I don't think that what you did was bad or horrible or anything, just chalk it up as lesson learned.


----------



## kobe3001 (Sep 17, 2007)

Inga said:


> I agree with Dakota on this. I think yelling at someone like that seems to be a bit much, but if we have not walked in the mans shoes we cannot know what has caused him to be this way. Intense fear of dogs is actually more common than people think. Then again, he may just have been a jerk. Either way it is a lesson learned to all of us. Teaching your dog to sit when someone is passing and not to get up until given a command will save you from any other reactions like this. As hard as it might be you might want to go and apologize for your dog and explain that he is a puppy and that you are really working on training and that you will not allow the puppy to jump on him. Sometimes killing someone with kindness works out in your favor. Only you can judge if this is appropriate. I know what this reaction looks like. I have dealt many times with people that were irrational when it came to dogs. Try walking a Rottweiler around and finding someone that believes everything they see on TV and read in the paper. I have gotten used to just killing the person with kindness and have found it actually works very, very well. I tried out the yelling back... It wasn't good for anyone. LOL Anyhow, I am sorry this happened to your puppy. It is hard enough to socialize without that, but he may be a little less exuberant on his approach of strangers and it might work to your benefit.


i understand what you say completely. my mom is terrified of dogs, and cowers away when she is within about 20 feet of one. i will have to put him in a kennel or send him to live with friends when she comes to visit. but i wanted to know how to deal with strangers. 

one of the reasons i love this building is because a majority of the owners have pets of their own, and i know nearly all of them. we don't take kobe out in public yet because i think we should wait for him to get all his shots and be more well behaved, but i suppose undesirable situations will arise from time to time wherever we are. 
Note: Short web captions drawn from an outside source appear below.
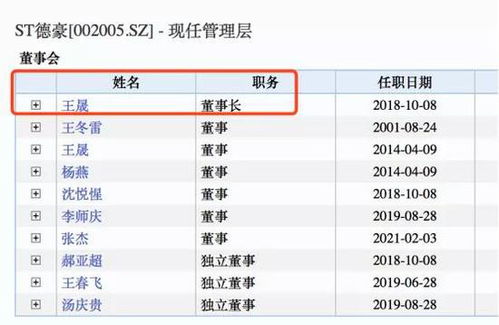控制权 缠斗 再生变 是谁在高价购买st德豪的股权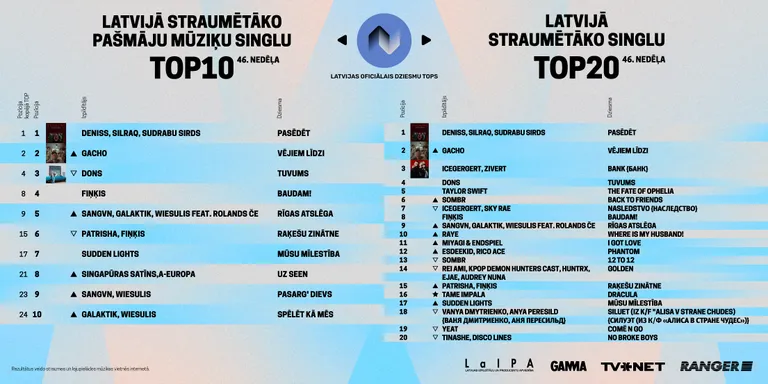 Straumēšanas 46. nedēļas tops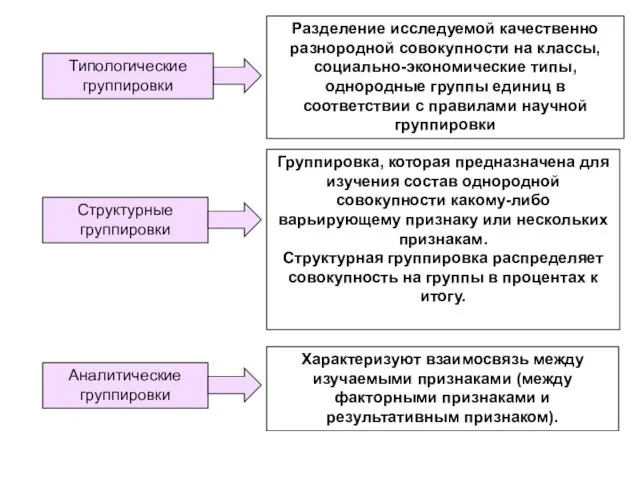 Типологические группировки Структурные группировки Аналитические группировки Разделение исследуемой качественно разнородной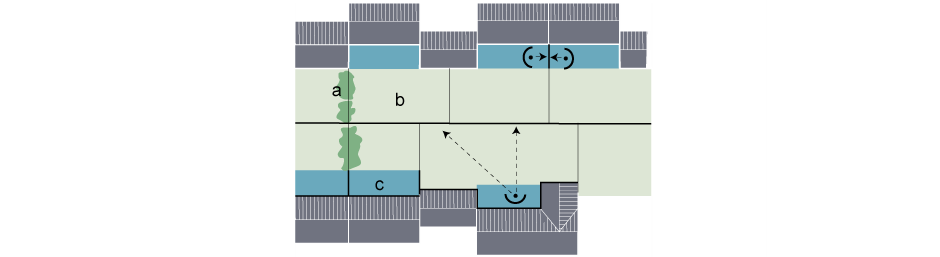 a. Optional screening or planting  b. Garden  c. Private zone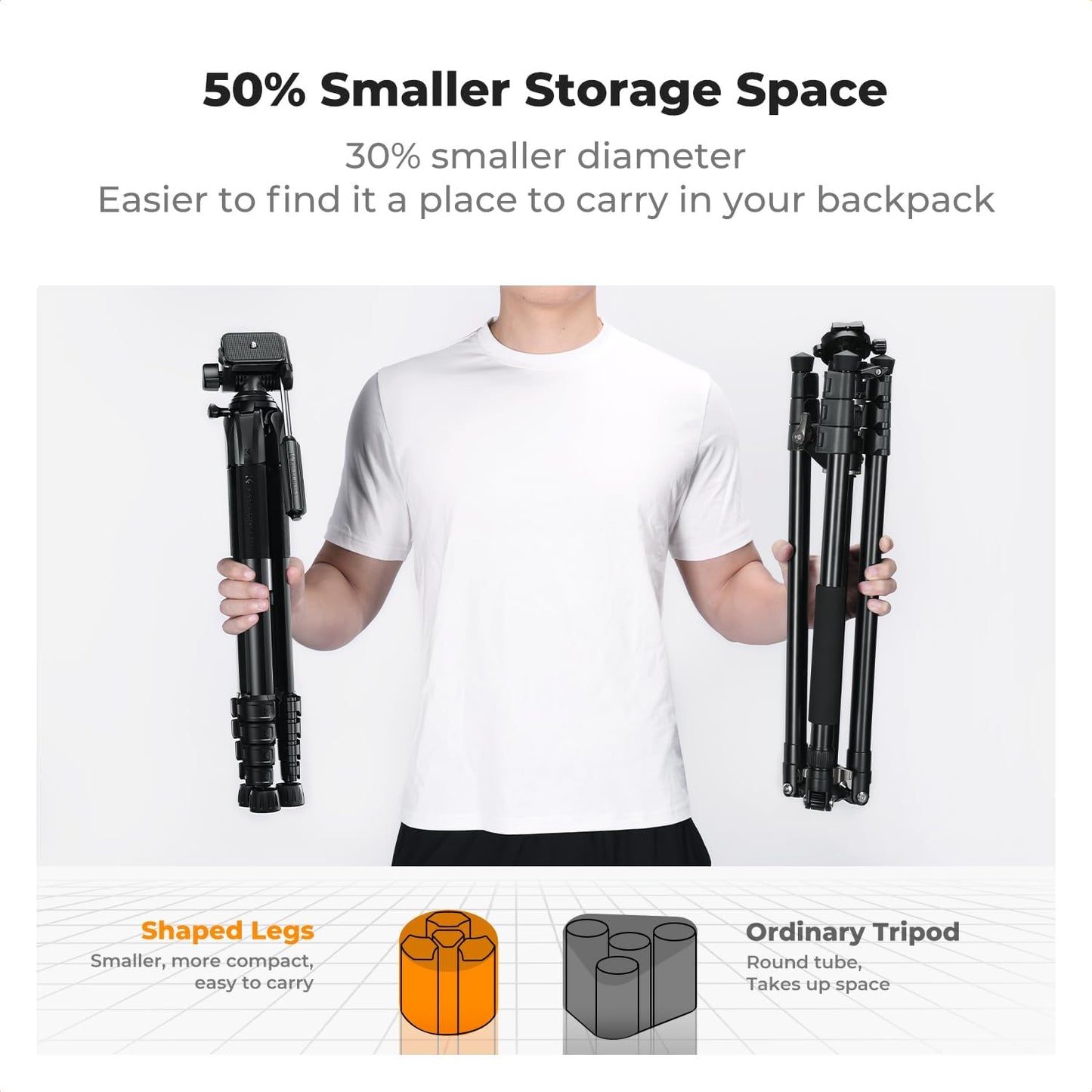 K&F CONCEPT 75"/190cm Lightweight Travel Camera Tripod for Phone | Compact Video Tripod Stand with Phone Clip, Bluetooth, Compatible with Canon/Sony/Nikon, Laser Level S255A3+BV01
i don't have a lot of people with the time to help me train him, so the only face time he gets with strangers is during his walk through the building lobby. i am not quite sure how i should teach him other than the methods we have used so far; generally luring him with a treat when he gets excited and making him sit. he already sits fine in the elevator irrespective of who and whose dog is in their. still getting used to the open areas though.


----------



## sheltiemom (Mar 13, 2007)

I've had a few embarassing moments with my dogs while training them to walk nicely on a leash, most of which involved excitement barking and trying to jump up at people passing by (never close enough to jump on them though). They have to be trained somehow, and for me that involves taking them out and practicing, even when their behavior is not quite what I want it to be yet. Normally if someone seems alarmed, I explain that we are training, or that they are still energetic puppies, and we end up talking. One lady though routinely looks out her window and yells at people for walking their dogs on the sidewalk past her house, stuff like "Don't let him on my lawn", or "That dog better not pee in my yard". I just ignore her, and I kinda feel sorry for her. I have also had people who think Penny's Gentle Leader is a muzzle and ask why I would bring her around kids. I just explain, and that's that.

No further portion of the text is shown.